# What you will do
Transcribe only part of the material below: the lines from the one containing "Infografía Educativa Escolar" through the one containing "used 2021 Ford F-250 car, priced at $62,491", inclusive, exactly as written.

# Information supplied
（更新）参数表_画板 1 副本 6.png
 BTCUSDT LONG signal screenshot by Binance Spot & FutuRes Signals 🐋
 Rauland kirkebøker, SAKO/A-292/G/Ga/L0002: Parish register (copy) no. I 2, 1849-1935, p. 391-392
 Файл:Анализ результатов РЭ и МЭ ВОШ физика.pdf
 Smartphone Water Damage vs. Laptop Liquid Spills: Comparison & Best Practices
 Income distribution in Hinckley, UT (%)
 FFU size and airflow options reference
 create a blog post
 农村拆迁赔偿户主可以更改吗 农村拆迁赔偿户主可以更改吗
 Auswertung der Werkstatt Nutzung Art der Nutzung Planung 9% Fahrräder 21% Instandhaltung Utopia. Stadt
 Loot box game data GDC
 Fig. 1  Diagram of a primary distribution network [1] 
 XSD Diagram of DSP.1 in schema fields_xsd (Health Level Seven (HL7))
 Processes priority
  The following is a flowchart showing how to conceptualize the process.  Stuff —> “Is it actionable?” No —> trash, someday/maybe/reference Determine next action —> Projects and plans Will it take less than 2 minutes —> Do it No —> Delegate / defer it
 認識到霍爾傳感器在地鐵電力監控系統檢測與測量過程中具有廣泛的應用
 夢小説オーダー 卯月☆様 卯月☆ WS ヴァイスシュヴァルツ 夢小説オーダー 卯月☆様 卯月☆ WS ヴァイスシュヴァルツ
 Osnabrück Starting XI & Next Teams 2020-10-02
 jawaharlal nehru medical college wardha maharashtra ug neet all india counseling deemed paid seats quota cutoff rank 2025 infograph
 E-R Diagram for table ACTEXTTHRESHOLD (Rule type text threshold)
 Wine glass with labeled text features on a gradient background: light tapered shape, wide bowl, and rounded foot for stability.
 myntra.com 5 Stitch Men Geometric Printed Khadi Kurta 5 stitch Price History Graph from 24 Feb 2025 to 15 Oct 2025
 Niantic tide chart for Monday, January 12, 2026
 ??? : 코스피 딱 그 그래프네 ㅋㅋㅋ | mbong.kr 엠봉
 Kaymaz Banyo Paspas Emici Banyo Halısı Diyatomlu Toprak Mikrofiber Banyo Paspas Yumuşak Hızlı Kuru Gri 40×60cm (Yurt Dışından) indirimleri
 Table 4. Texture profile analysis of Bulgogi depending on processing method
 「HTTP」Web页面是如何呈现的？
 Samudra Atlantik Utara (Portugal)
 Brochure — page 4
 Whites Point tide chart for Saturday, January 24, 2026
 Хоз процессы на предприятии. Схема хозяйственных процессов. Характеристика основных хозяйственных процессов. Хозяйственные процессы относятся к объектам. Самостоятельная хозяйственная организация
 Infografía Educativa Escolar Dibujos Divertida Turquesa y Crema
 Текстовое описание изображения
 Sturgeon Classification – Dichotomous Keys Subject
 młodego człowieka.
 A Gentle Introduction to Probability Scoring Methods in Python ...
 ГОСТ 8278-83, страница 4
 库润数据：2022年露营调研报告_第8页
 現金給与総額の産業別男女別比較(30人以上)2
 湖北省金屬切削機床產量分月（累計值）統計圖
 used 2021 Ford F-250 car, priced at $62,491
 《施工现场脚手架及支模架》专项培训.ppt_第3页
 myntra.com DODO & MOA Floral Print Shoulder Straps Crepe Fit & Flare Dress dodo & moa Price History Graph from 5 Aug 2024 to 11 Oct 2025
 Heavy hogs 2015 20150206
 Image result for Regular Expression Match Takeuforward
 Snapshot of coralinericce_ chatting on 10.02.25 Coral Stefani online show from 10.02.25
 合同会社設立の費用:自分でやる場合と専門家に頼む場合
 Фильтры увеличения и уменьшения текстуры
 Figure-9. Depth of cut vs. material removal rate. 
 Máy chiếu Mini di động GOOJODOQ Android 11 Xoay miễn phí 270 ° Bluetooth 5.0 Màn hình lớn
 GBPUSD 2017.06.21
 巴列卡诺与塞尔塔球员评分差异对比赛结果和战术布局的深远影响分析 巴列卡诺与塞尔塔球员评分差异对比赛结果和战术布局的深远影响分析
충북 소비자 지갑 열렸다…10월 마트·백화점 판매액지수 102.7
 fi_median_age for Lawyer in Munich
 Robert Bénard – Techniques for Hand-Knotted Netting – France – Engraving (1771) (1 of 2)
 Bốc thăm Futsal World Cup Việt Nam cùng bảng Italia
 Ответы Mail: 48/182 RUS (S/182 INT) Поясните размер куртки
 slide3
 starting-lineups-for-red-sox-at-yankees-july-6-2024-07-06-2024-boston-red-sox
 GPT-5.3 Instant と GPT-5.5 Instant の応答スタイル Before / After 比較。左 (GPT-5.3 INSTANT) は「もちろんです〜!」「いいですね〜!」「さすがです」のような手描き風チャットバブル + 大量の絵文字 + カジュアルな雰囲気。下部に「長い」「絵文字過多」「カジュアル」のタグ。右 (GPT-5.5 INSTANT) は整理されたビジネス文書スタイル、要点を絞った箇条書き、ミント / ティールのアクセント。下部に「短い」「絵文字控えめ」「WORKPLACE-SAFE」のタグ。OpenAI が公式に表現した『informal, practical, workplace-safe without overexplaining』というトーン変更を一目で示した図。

# Exercise solution
 Infografía Educativa Escolar Dibujos Divertida Turquesa y Crema
 Текстовое описание изображения
 Sturgeon Classification – Dichotomous Keys Subject
 młodego człowieka.
 A Gentle Introduction to Probability Scoring Methods in Python ...
 ГОСТ 8278-83, страница 4
 库润数据：2022年露营调研报告_第8页
 現金給与総額の産業別男女別比較(30人以上)2
 湖北省金屬切削機床產量分月（累計值）統計圖
 used 2021 Ford F-250 car, priced at $62,491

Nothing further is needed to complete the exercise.